Let’s not forget TxDOT initially asked the city to takeover 129 miles of state highways to which the city correctly said ‘No.’
But in secret backroom negotiations with County Judge Nelson Wolff and other officials like Via Board Chairman Henry Munoz, an $850 million toll road deal was brokered to add toll lanes to 281 and I-10 (outside Loop 1604) and in return, TxDOT dropped $70 million to extend the free lanes expansion of Loop 1604 West from Potranco to Hwy 90. As part of the deal, the city and county would take over portions of state highways from TxDOT.
What happened to ‘We made a mistake’?
This turnback program all started when the Texas Legislature passed a bill that required TxDOT to find $100 million in savings from its bloated administration and operating budget. The top 4-5 executives at TxDOT make over $1 million a year in salaries. Former House Transportation Committee Chair Joe Pickett chastised TxDOT for trying to offload maintenance of the state highway system onto local cities and counties and said that’s what the legislature meant when it said to find savings. Pickett then urged TxDOT to apologize and admit, ‘we made a mistake.’ Instead, Bexar County and the City of San Antonio bought it hook, line, and sinker.
Who still thinks TxDOT doesn’t have any money for roads? TxDOT just came up with $70 million out of thin air to appease State Rep. Jose Menendez and get Loop 1604 expanded without tolls, while 281 and I-10 politicians like Donna Campbell, Lyle Larson, and Kevin Wolff agree to toll-tax drivers on 281 and I-10 claiming ‘there’s no money to fix them without tolls.’ If that $70 million had been allocated to 281, there’s enough existing tax money allocated to the corridor to get it fixed without tolls.
LOCAL taxpayers now burdened with maintaining STATE roads
Local taxpayers already shoulder the burden to pay for local city and county roads from local taxes (primarily property tax and a portion of sales tax), now they’ll be paying to maintain state roads out of their local road taxes, too. Even worse, local taxpayers also pay a state gas and a state vehicle registration fee among other taxes to build and maintain state roads. San Antonio taxpayers pay far more in road taxes than they get back from the state.

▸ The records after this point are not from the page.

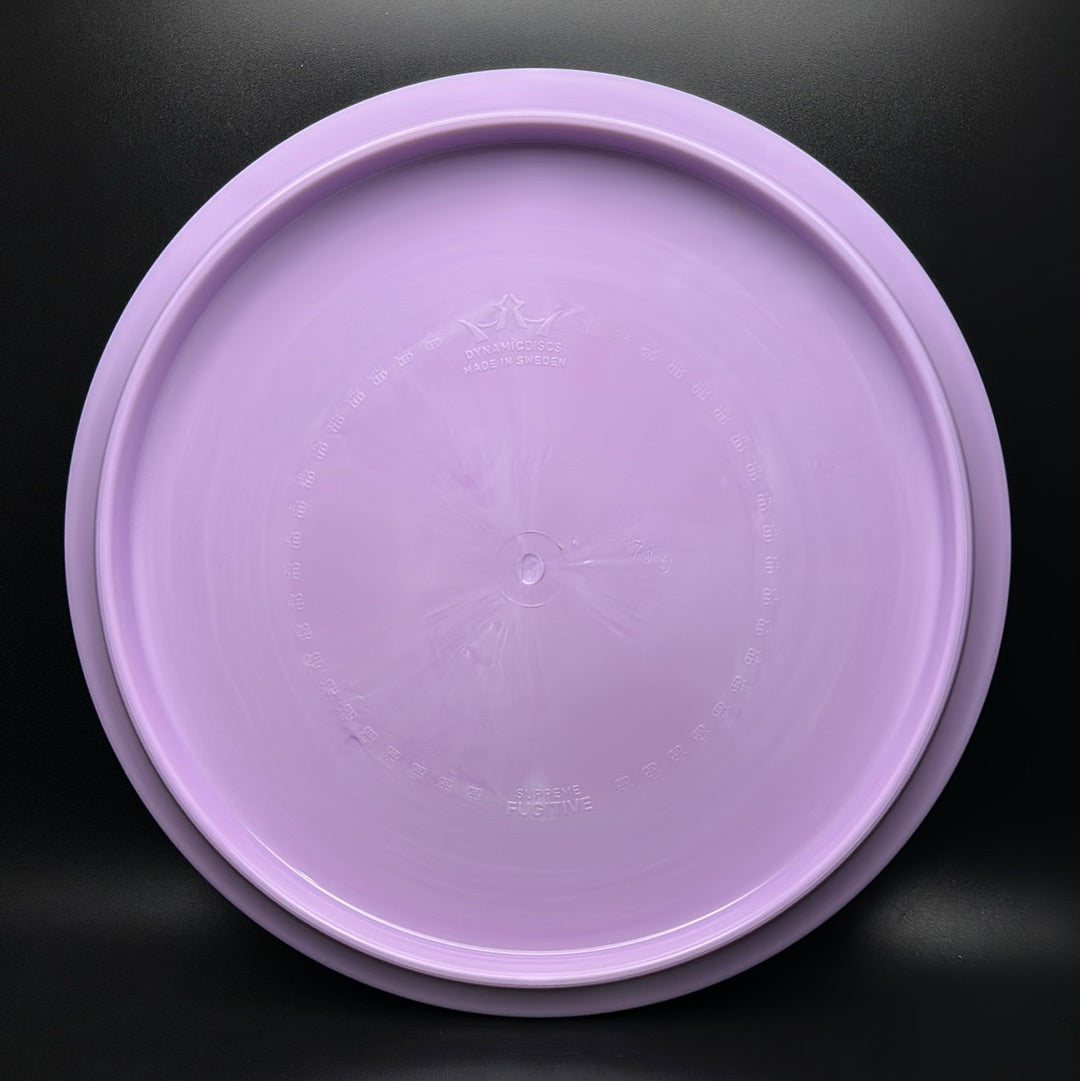 Fugitive Suprême - Disque de Disc Golf Première Édition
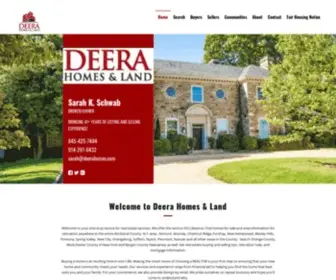 Deerahomes.com(Website.description }}) Screenshot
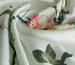 Шелк сатин цветущая ветка, молочный - фото 3 - интернет-магазин tkani-atlas.com.ua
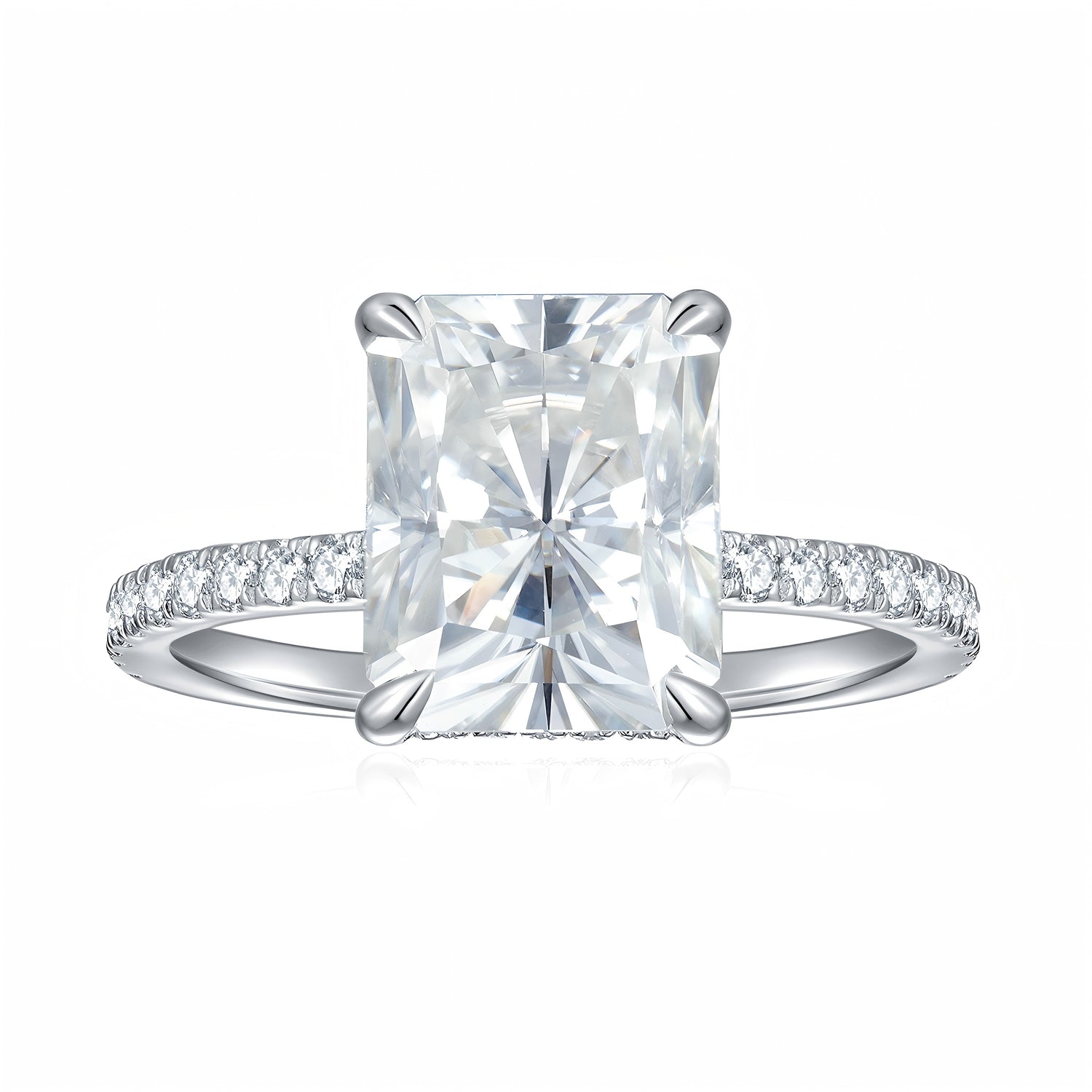 Carissie Ring MF215421 - Silver Front View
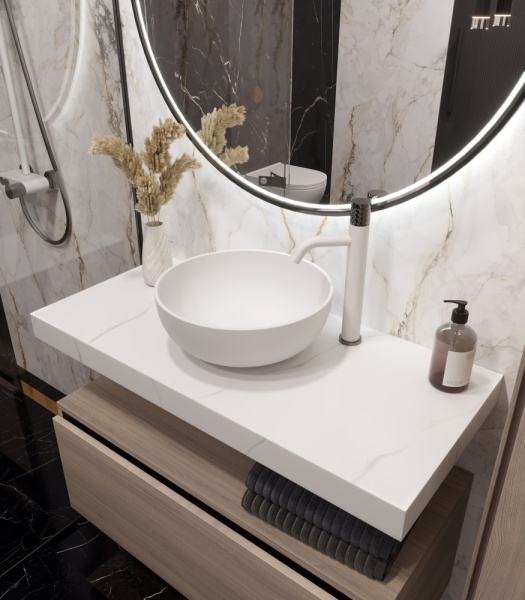 Столешница 100 см ArmadiArt Flat 869-100-CLCT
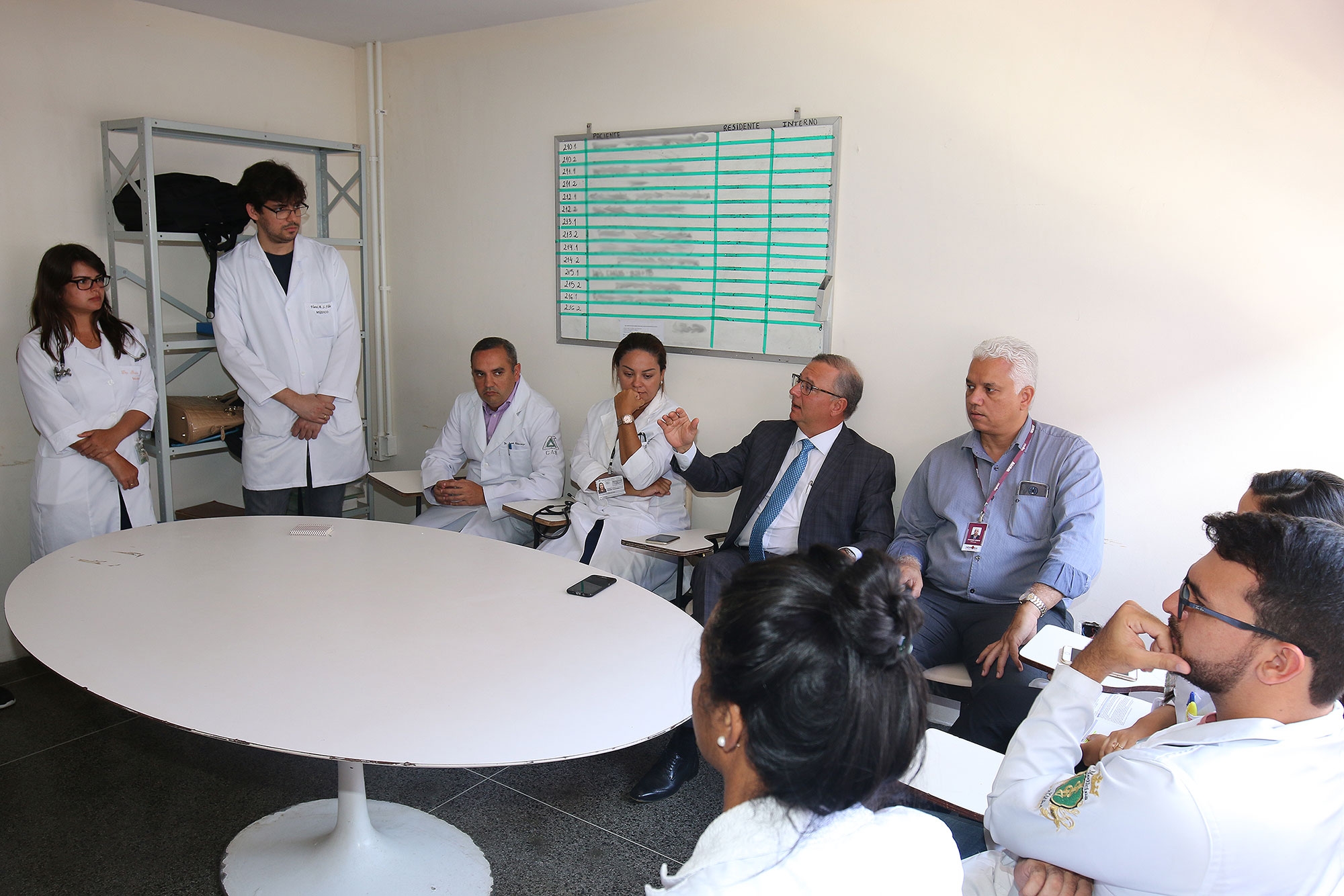 No dia mundial do câncer, Governo do Estado implanta 14 leitos de hematologia no Hospital Geral Roberto Santos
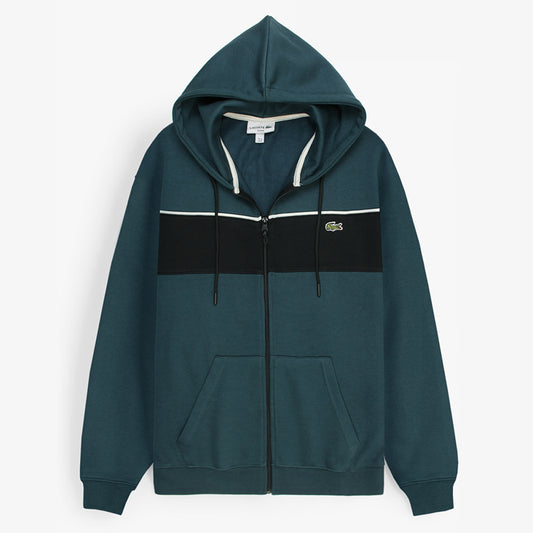 LCSTE Imported Cotton Fleece Tracksuit (Teal&Black)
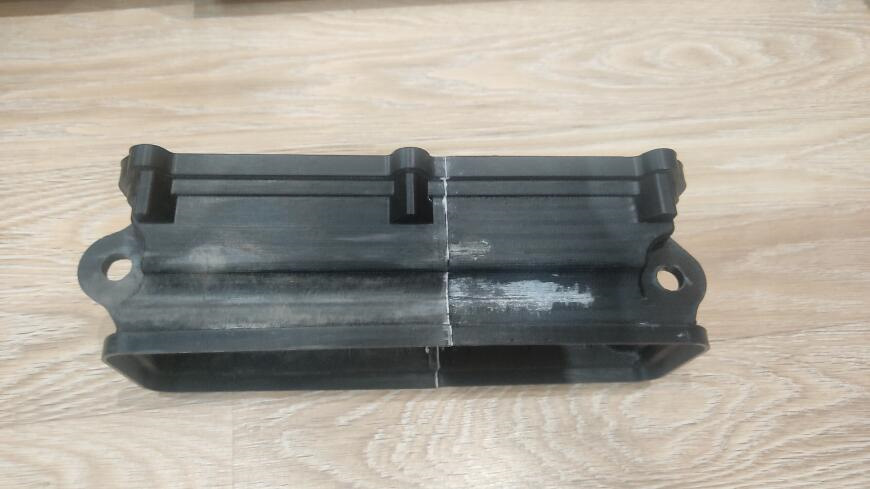 Ремонт корпуса воздушного фильтра автомобиля Фиат Альбеа (Fiat Albea) ч ...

Alamo city taxpayers should be getting 11% or more of TxDOT’s total new construction budget annually, which averages $4 billion, but it receives a paltry $200 million a year back from the state (or 6% of the total in 2013). By contrast, Ft. Worth, roughly the same size as San Antonio, raked in 16% of the pie in 2013. Some years, El Paso and the Rio Grande Valley received more for road expansion than San Antonio, a city of 1.8 million people.
We’re being starved. Why? To force us into capitulating to toll roads in order to get more of our money back from TxDOT. With the city’s approval to takeover state roads, the TxDOT strategy clearly worked. None of our city or county politicians are fighting to get our tax money back to the region.
Instead, they’re agreeing to increase taxes through tolls, doing TxDOT’s job for them, and getting a pittance in return, with no long-term remedy for TxDOT’s systematic snub. In addition to the above, Nelson Wolff asked for a got a new $10 vehicle registration fee hike passed in the legislature in 2013 - with the support of Republicans Campbell and Larson. How will he use that money? For toll roads, not free roads. No matter how you slice it, San Antonians are gonna pay more for roads. Lots more.
It’s time to give these feckless politicians the boot!